The seven judges voted unanimously to reject most of the legal complaints by left-wing candidate Andres Manuel Lopez Obrador, who said he was robbed of victory in the July 2 vote.
The judges, whose rulings are final and cannot be appealed, must declare a president-elect by September 6.
Lopez Obrador's supporters have paralyzed Mexico City with protests this month and he has vowed to make the country ungovernable if the court declares Calderon the winner of the most bitterly contested election in Mexico's modern history.
Calderon said he would not be rattled by protests. "I will assume my role as president if that's what the court decides," he said during an event for businesswomen. "I won't let something that's been decided by all the citizens be undermined by a few in a violent way."
The initial result showed Calderon, a former energy minister from the ruling National Action Party, won the election by 244,000 votes, or just 0.58 of a percentage point.
The judges fell short of formally naming Calderon the winner but they said there were only marginal changes to the original results after recounts and annulments at some of the most fiercely contested polling stations.

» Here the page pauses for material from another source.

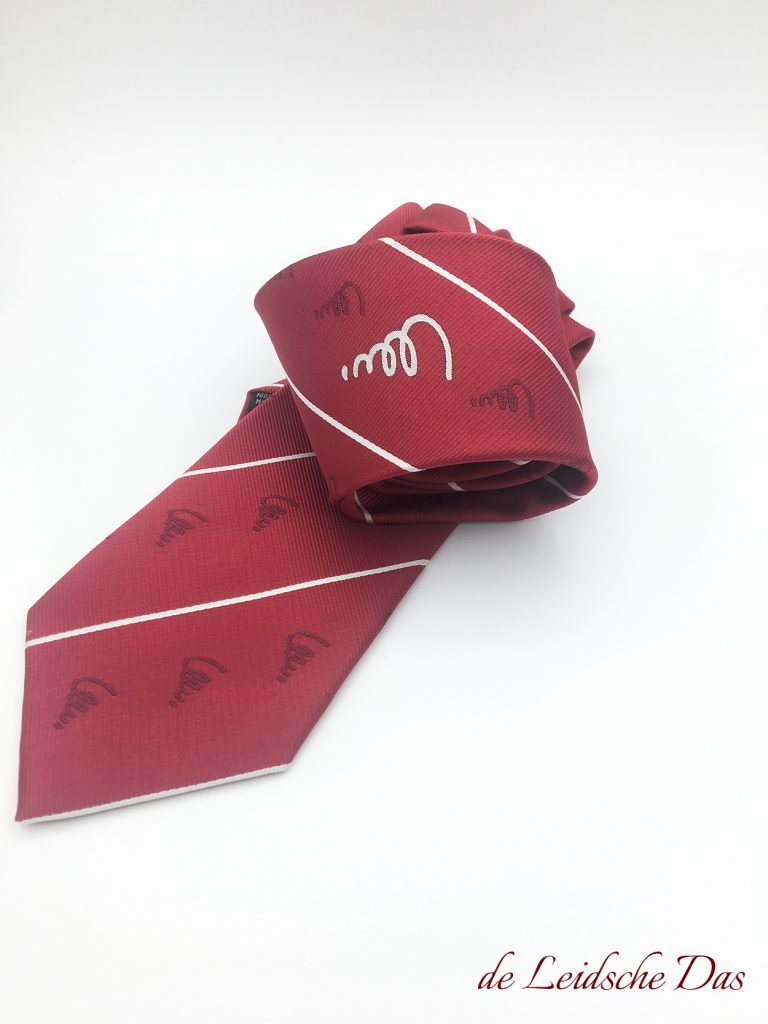 Custom-designed golf club neckties & sports club ties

Leonel Castillo, president of the election tribunal, said Lopez Obrador's claims of huge fraud "turned out to be completely unfounded."
AMLO is not backing down on his threats to form a parallel government or to lead a resistance effort. There are signs that his support is starting to drop, however.
"It would be an abuse of the people's rights, a rupture of the constitutional order and a coup d'etat, which is offensive to millions of Mexicans," he told supporters on Sunday in Mexico City's central Zocalo square, where they have been camping overnight in a sit-in for almost a month.
But attendance at his mass rallies has dropped in the last two weeks and a campaign of blockading highways, government buildings and foreign banks appears to be losing steam.
The leftist, who has vowed to overhaul economic policies to put the poor first, insists he will not give up. Some 50 supporters marched through the Zocalo with a fake coffin marked "Democracy."
Frankly, the rallies were never quite as big as some press reports would have you believe according to Mark In Mexico. Still, the fact that AMLO is willing to ruin the economy of Mexico to seize power has been a very troubling sign.